The sale of consumer goods online is a constantly growing trend, and many consumer food producers...
The sale of consumer goods online is a constantly growing trend, and many consumer food producers consider online sales as providing easy access to global markets.
In general, one of the most welcome and recognised advantages of online sales and distribution is more direct access to customers. Eliminating the middleman lowers costs and allows customers to buy products at a lower price. While it is undoubtedly a significant advantage in the case of commodities and mass products, there are some hurdles when it comes to specialised and branded products.
We have identified three of the most important hurdles to selling consumer food products. These factors can be expected to intensify as distribution shifts online.
Eliminating the middleman does not make their functions disappear. The value of intermediary distributors is usually not only in connecting two parties. They also handle critical information about their markets and distribution networks.
While information systems can provide you with structured data and analysis, decision-making and business management are still functions that come with risks and costs. Knowledgeable decision-making is based on market research and experience. If there are no third parties to fill these roles, then suppliers have to. Market information – knowledge of your customers, partners and rivals – is the basis of effective marketing.
In brick-and-mortar supermarkets, customers can only choose from a preselected range of products.
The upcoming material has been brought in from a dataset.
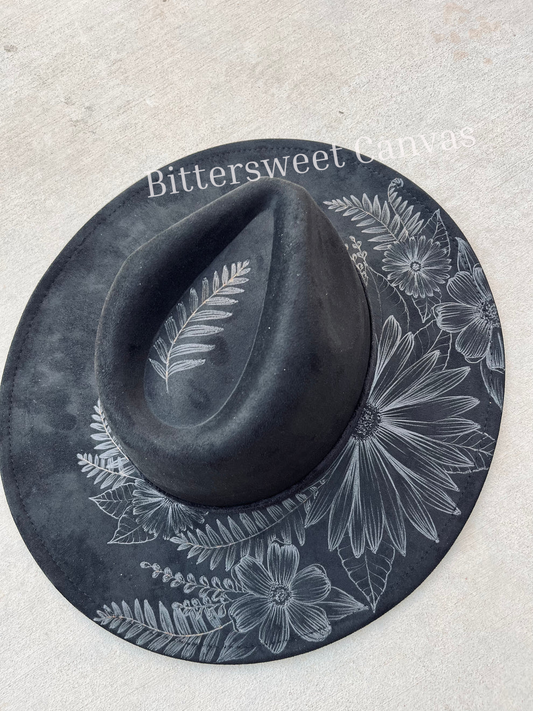 Black floral burned suede wide brim rancher hat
In other words, the suppliers of these products compete with a limited number of rivals on the shelves.
In contrast, online sales platforms can list a virtually endless number of products. As a result, products need to be more distinct and easier to understand. To achieve this, suppliers need to develop specific marketing strategies.
In the case of traditional offline distribution, it is enough for a supplier to convince a local distributor to place an order for a considerable amount of stock. Convincing customers to actually buy the product generally remains the task of the retailer – at least to the extent of stock.
In online retailing, distributors do not have to purchase stock or keep any inventory of a product to offer it to their customers. Accordingly, if online retailers do not have to take this risk, it becomes the job of the supplier to find ways to appeal to its potential customers. In the case of overseas online sales, it is essential to gain an in-depth understanding of the needs of the target markets and to find ways to satisfy them. Knowing your target market is the first step to successful marketing.
For many suppliers, marketing means only promotions and advertising. But as a basic concept, marketing means understanding your existing and potential customers and successfully addressing their needs. It provides the basis for all sales activities. Sales without marketing is like making your product available in a shop without knowing who your customers are or how they would actually buy it.
Branded food producers can achieve greater success in overseas markets if they explore the needs of their local target customers and keep tabs on the local competition. Information-based decision-making and localised marketing is essential when selling branded food products successfully.
Online distribution connects suppliers with their customers directly. It happens regardless of the location, even if the target customers are on the other side of the globe. This freedom of access provides customers with much wider product choices than offline store offerings.
Online shops do not need to commit financially to buying the products they want to offer customers. They are therefore not interested in marketing every brand that they put on display. Without the middleman, suppliers need to become more competitive so that they can attract potential customers directly. This is especially true in the overseas distribution of branded food products because most such products are designed to meet the needs of consumers in the country of origin.
To grow sales of branded food products using online distribution channels and compete successfully in international markets, suppliers need to ensure they have an excellent understanding of their potential overseas customers and improve their local marketing efforts. We can therefore expect to see increasing demand for localised marketing expertise as online distribution and sales gain ground worldwide.